GLP-1 meds reduce your appetite and slow your digestion. That means every bite counts more.
Here's how to eat well on treatment.
Protein First
Protein is the most important thing to focus on. It:
- Keeps your muscle while you lose weight
- Keeps you full longer
- Supports your metabolism
Aim for 60-80g of protein per day. See our simple protein goal guide for how to hit that.
Good Protein Sources
- Chicken, turkey, fish
- Greek yogurt, cottage cheese
- Eggs
- Beans and lentils
- Tofu
- Protein shakes (when you need them)
Drink Water
Water is essential on GLP-1 meds. Aim for at least 64 oz per day. It helps with side effects, supports your metabolism, and can reduce hunger.
What to Focus On
- High-protein foods at every meal
- Lots of vegetables
- Whole grains in moderation
- Healthy fats
What to Limit
- Processed foods
- Too much sugar
- Fried foods (they worsen stomach side effects)
- Alcohol
A Sample Day
Breakfast: Greek yogurt with berries and nuts
Lunch: Grilled chicken salad with vegetables
Snack: Cottage cheese or hard-boiled eggs
Dinner: Baked fish with roasted vegetables
Common Challenges
Not Hungry
Eat anyway — at least small amounts.

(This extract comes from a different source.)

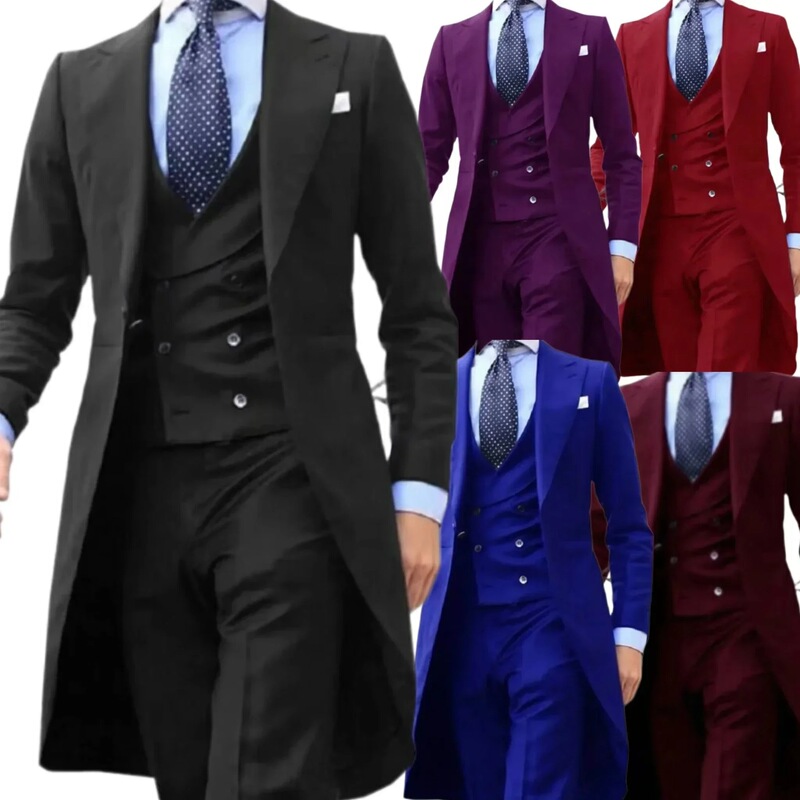 Cross-Border European and American Men's Wedding Host Tuxedo Three-Piece Set, Elegant Solid Color Light Luxury Suit Fashion Set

Focus on nutrient-dense foods. Track your protein.
Food Aversions
Try different protein sources. Smoothies are often easier to tolerate. Eat small, frequent meals.
Taste Changes
Usually temporary. Try different flavors and textures. Be patient.
The Bottom Line
Good nutrition makes GLP-1 treatment work better. Prioritize protein, drink water, and focus on whole foods.
Talk to your doctor or a dietitian for personalized nutrition advice. This article is for information only and is not medical advice.